Cimahi, seblang.com – BPJS Kesehatan mendorong transformasi layanan jantung dalam Program Jaminan Kesehatan Nasional (JKN) melalui pendekatan Value-Based Health Care. Pendekatan ini menempatkan hasil kesehatan (health outcomes) dan total biaya sepanjang siklus pelayanan sebagai dasar dalam menciptakan nilai bagi peserta.
Direktur Utama BPJS Kesehatan Mayjen TNI (Purn.) Dr. dr. Prihati Pujowaskito, Sp.JP(K), FIHA, M.M.R.S., mengatakan transformasi diperlukan untuk menghadapi peningkatan biaya pelayanan kesehatan sekaligus memastikan pembiayaan JKN memberikan manfaat kesehatan yang optimal bagi peserta.
Menurutnya, keberlanjutan JKN bukan hanya berkaitan dengan kemampuan membiayai pelayanan, tetapi juga kemampuan sistem kesehatan menghasilkan outcome yang lebih baik.

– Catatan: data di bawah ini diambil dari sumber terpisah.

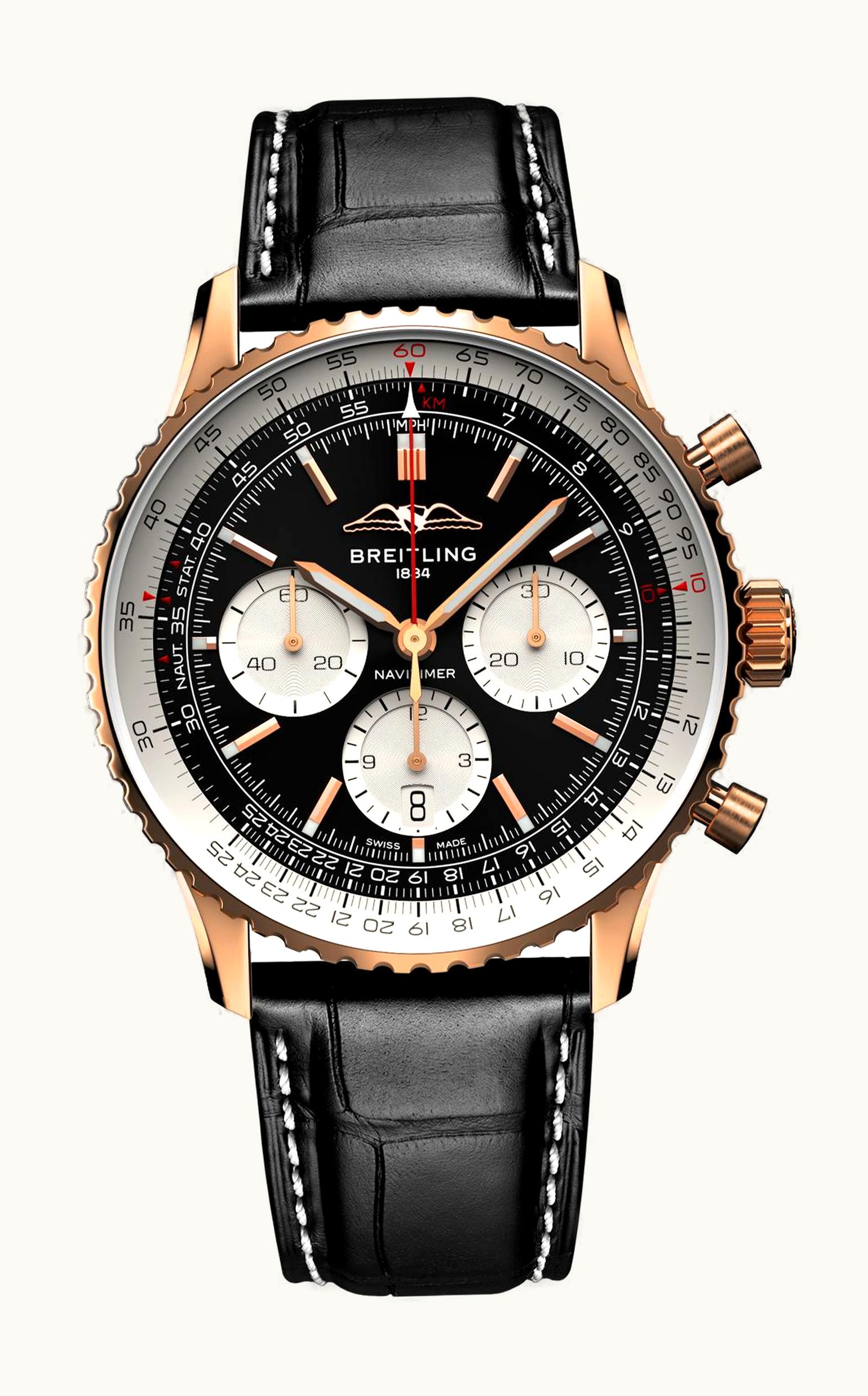 Breitling Navitimer B01 Chronograph 43 Red Gold / Black / Alligator - Folding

“Keberlanjutan JKN bukan hanya soal kemampuan membayar pelayanan, tetapi bagaimana pelayanan tersebut menghasilkan outcome kesehatan yang lebih baik bagi peserta,” kata Pujo dalam Media Workshop Kupas Tuntas Layanan Jantung dalam Program JKN di Aula Rumah Sakit Tk. II Dustira, Kota Cimahi, Jawa Barat, Rabu (16/9/2026).
Sepanjang 2025, total belanja pelayanan kesehatan Program JKN mencapai Rp191,3 triliun. Sebanyak 87,1 persen di antaranya terealisasi untuk pelayanan di rumah sakit.
Untuk penyakit jantung, terdapat lebih dari 29,7 juta kasus yang dijamin JKN sepanjang 2025 dengan pembiayaan mencapai sekitar Rp17,35 triliun.
Besarnya kebutuhan layanan tersebut mendorong BPJS Kesehatan memperkuat penanganan sejak fasilitas kesehatan tingkat pertama (FKTP). Pujo mengatakan pengendalian faktor risiko menjadi bagian penting untuk menekan munculnya kasus penyakit jantung yang lebih berat.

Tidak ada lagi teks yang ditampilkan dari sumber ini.